The international media have also covered the rise in anti-Semitism across the world, even as there has been little to no media coverage of how Israel has been exaggerating and instrumentalising a Zionist notion of anti-Semitism to create moral panic among Jews everywhere. Indeed, when I speak to Jewish friends in Israel, they often ask how I, who live in London, cope with anti-Semitism. As consumers of Israeli news, they can be forgiven for thinking that Jews across the world are in imminent danger.

These two phenomena – the crime epidemic within Palestinian communities inside Israel and the weaponisation of anti-Semitism to amplify Jewish fear – might seem totally unconnected. Yet there is a clear thread linking them, and it is called demographic engineering.

The foundational acts

Demographic engineering has been at the heart of the Zionist project.
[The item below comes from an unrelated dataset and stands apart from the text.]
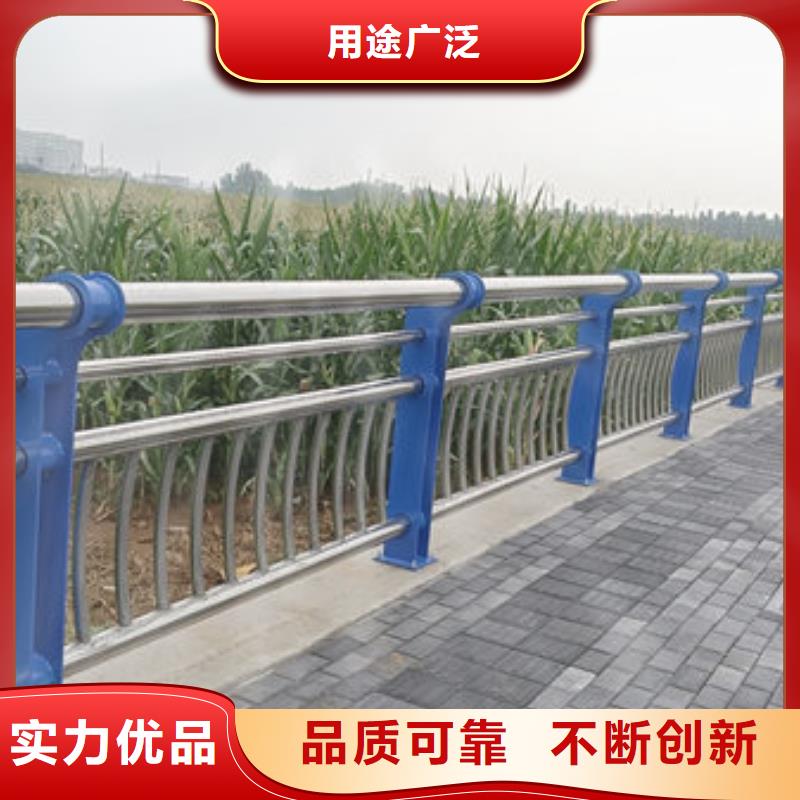 防撞护栏厂家厂家自营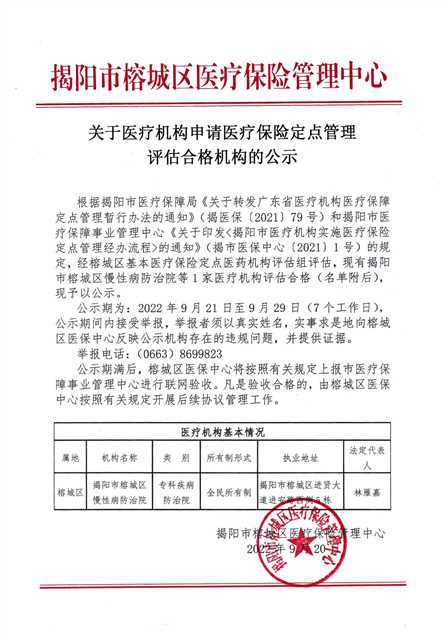 公示.jpg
During the 1948 war, about 750,000 Palestinians were displaced in what Fayez Sayegh called “racial elimination”. As part of this process, Palestinian cities were depopulated, and about 500 Palestinian villages were destroyed. By 1951, the Palestinians who had become refugees had been “replaced” by a similar number of Jewish immigrants, both Holocaust survivors from Europe and Mizrahi Jews from Arab countries, thus transforming the state’s racial composition without altering its overall population size.

In the wake of the war, Israel not only disregarded United Nations Resolution 194 affirming the right of Palestinians who had been made refugees in 1948 to return to their homes, but in 1950 it passed the Law of Return, bestowing “on Jews worldwide the right to enter Israel and obtain Israeli citizenship regardless of their countries of origin and whether or not they can show links to Israel-Palestine, while withholding any comparable right from Palestinians, including those with documented ancestral homes in the country”.
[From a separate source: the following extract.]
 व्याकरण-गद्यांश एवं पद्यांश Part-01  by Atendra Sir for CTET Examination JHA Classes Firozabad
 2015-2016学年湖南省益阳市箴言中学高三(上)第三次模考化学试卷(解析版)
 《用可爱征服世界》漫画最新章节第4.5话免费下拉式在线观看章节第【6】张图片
Over the past two years, a number of Israeli politicians and influencers have characterised what Israel has been doing in the territories it occupied in 1967 as completing the job left undone in 1948: “A second, real Nakba, to finish [former Israeli Prime Minister David] Ben-Gurion’s work,” one journalist quipped. Simultaneously, within Israel, a different kind of demographic strategy is unfolding, even as the overall objective remains the same.

Crime as an impetus to leave

Itamar Ben-Gvir is surely not the first minister of national security to have allowed criminal gangs to terrorise Palestinian communities. But on Ben Gvir’s watch, the murders have reached record levels. And 2026 seems to be following the trend, with 31 more Palestinians murdered during the first month.

On the one hand, Israel has used the soaring crime to portray Palestinian citizens as uncivilised and barbaric, extending the dehumanisation from stateless Palestinians in Gaza and the West Bank to its own citizens. On the other hand, it has enabled criminals to terrorise Palestinian towns.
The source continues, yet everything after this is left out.